Il ne pouvait quitter les lieux sans nous la faire entendre. La patience est une vertu toujours récompensée. Alors quand il nous dit qu'il est « Un homme heureux », on ne peut que lui emboîter le pas et le pousser vers quelques-uns de ses autres standards. A l'image de Oh ! Je cours tout seul, Le carnet à spirale, etc.
Mais avant d'en arriver là, Sheller construit son rendez-vous avec le public hutois du centre culturel autour d'une question qui, au fil du temps et des albums, lui chauffe un peu les oreilles : « Dis, William, les chansons, ça vient d'où ? » Petit retour en arrière sur une soirée intimiste où il délaisse la grosse artillerie pour se présenter seul à son piano et nous inviter à entrer dans son univers et nous faire toucher du doigt la magie de son processus de création.
Accessoire indispensable : son piano. « Il faut lui donner des notes à manger ». Puis soudain, il arrive que les mains prennent leur indépendance. Ça donne par exemple Basket-ball. Il y a aussi la chanson qui vous tombe dessus par inadvertance, quand vous n'avez rien demandé, que vous tenez juste à vous reposer et qu'un p'tit gars passe à côté de votre transat en criant « Maman est folle ».
Il y a aussi les objets qui traînent autour de vous et qui attirent inévitablement votre attention comme une publicité qui donne une petite fantaisie sur laquelle Jean-Pierre Catoul avait l'habitude de l'accompagner au violon. William Sheller le soulignera discrètement dans un hommage d'un artiste rendu à un des siens.
Au-delà des notes, des sons, un piano, ça peut aussi donner des personnages, évoquer des gens que l'on aime, Véronique Sanson, Barbara. Ou tout simplement des réminiscences d'un visage (Simplement). Il y a aussi des paysages vus en passant (Les miroirs dans la boue), des lieux qui vous reviennent à la mémoire comme cet incontournable Un endroit pour vivre.
Bref, une chanson, ça n'a pas de loi. Ça peut vous venir à tout moment, en toute circonstance.

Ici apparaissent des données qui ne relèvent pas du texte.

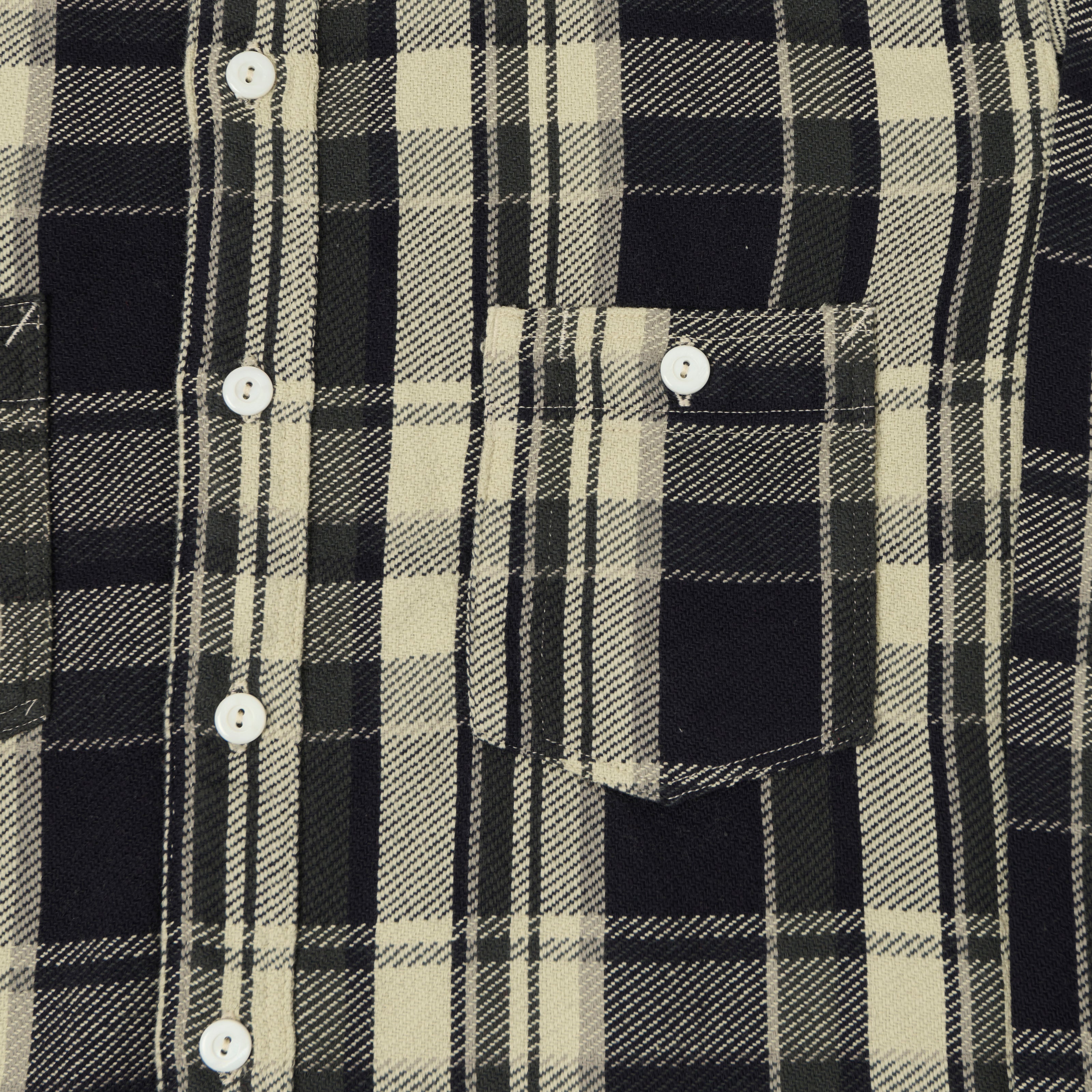 Post Overalls 'St Louis' Plaid Flannel Work Shirt - Grey – SON OF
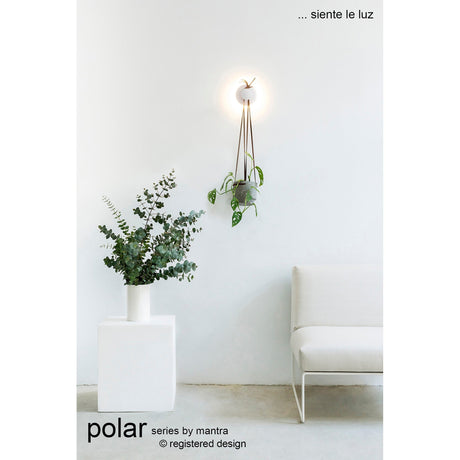 Polar Coat Rack LED Wall Light 6W 3000K - White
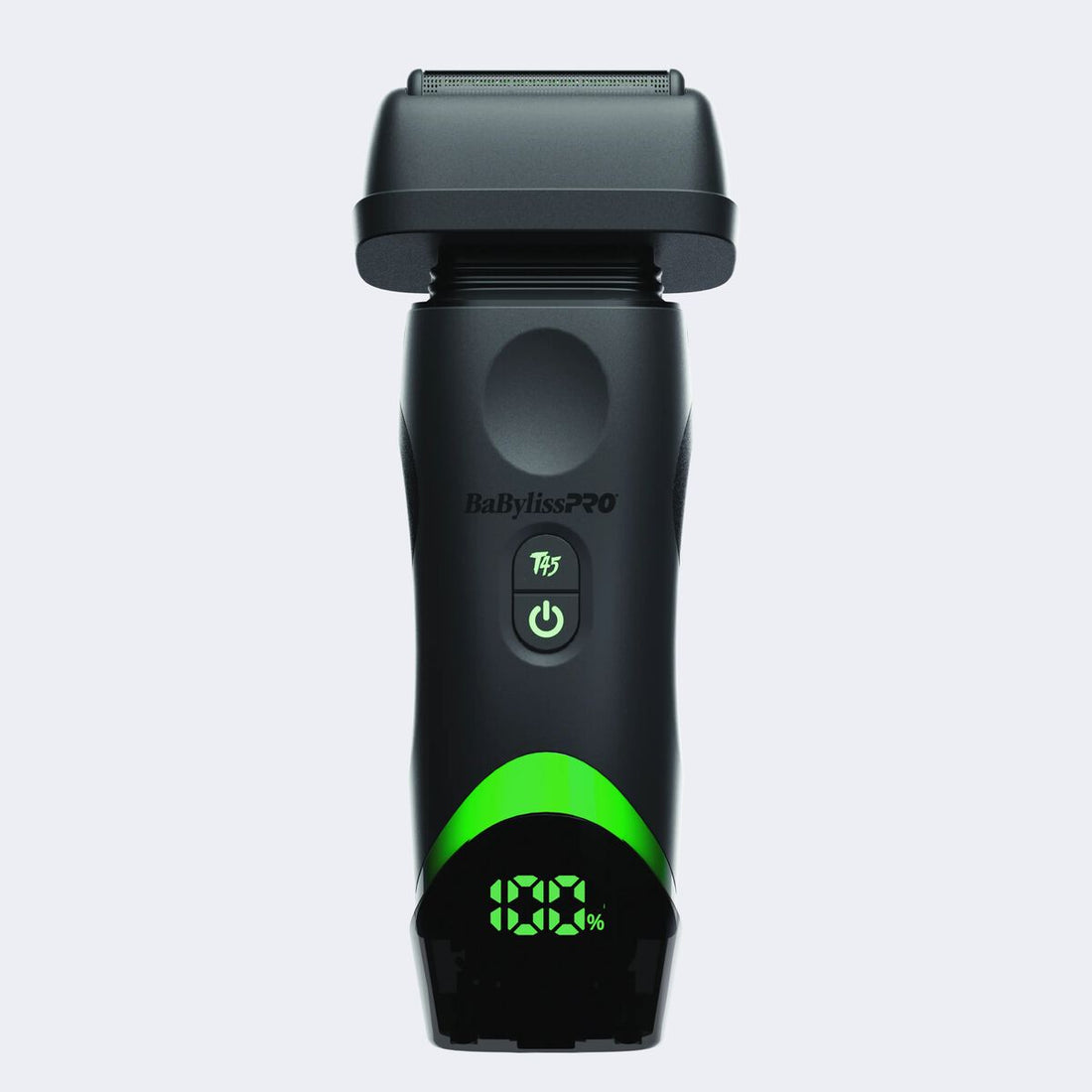 BaBylissPRO x Tomb45 Wireless Charging Double Foil Shaver FXT45FS in black, front view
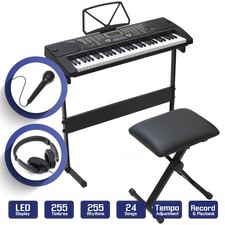 61 Key Digital Piano Music Keyboard - Electronic Keyboard Stand Stool Headphone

Ça peut même devenir une punition mais si ça donne Les filles de l'aurore, les plaintes n'ont plus aucune raison d'être.
Sans avoir l'air d'y toucher, William Sheller nous balade d'un bout à l'autre de son répertoire, y puisant ses plus belles mélodies comme des bizarreries (Les machines absurdes). Un panachage habilement orchestré pour une soirée au terme de laquelle on éprouve l'impression de mieux connaître cet homme discret voire secret alors que l'artiste, lui, nous accompagne depuis lontemps déjà.